▶ **Task details**: Beginning with the very first line, please reproduce the entries exactly through the line containing "Widok na Londyn".

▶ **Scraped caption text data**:

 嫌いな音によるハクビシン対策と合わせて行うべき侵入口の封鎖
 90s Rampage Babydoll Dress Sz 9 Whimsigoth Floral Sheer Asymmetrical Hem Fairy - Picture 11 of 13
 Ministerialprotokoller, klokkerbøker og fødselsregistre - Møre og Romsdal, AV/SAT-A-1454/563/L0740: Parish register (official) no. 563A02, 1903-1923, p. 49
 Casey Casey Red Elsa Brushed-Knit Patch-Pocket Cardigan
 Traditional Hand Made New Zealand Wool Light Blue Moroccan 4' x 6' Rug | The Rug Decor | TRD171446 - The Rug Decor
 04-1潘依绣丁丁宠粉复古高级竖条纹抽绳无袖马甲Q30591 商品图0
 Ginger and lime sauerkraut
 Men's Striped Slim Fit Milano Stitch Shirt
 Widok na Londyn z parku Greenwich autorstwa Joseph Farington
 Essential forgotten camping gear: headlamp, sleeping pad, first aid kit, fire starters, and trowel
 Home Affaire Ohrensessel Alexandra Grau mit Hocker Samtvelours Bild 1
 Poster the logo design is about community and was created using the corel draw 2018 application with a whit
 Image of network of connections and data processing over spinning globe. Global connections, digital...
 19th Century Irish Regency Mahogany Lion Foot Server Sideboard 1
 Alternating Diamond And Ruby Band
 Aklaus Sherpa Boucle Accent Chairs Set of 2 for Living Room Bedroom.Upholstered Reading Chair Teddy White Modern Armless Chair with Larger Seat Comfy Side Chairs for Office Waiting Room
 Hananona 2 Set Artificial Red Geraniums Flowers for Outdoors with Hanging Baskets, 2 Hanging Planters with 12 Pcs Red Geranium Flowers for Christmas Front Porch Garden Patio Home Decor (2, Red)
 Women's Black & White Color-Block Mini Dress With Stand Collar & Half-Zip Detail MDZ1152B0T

▶ **Answer below**:
 嫌いな音によるハクビシン対策と合わせて行うべき侵入口の封鎖
 90s Rampage Babydoll Dress Sz 9 Whimsigoth Floral Sheer Asymmetrical Hem Fairy - Picture 11 of 13
 Ministerialprotokoller, klokkerbøker og fødselsregistre - Møre og Romsdal, AV/SAT-A-1454/563/L0740: Parish register (official) no. 563A02, 1903-1923, p. 49
 Casey Casey Red Elsa Brushed-Knit Patch-Pocket Cardigan
 Traditional Hand Made New Zealand Wool Light Blue Moroccan 4' x 6' Rug | The Rug Decor | TRD171446 - The Rug Decor
 04-1潘依绣丁丁宠粉复古高级竖条纹抽绳无袖马甲Q30591 商品图0
 Ginger and lime sauerkraut
 Men's Striped Slim Fit Milano Stitch Shirt
 Widok na Londyn z parku Greenwich autorstwa Joseph Farington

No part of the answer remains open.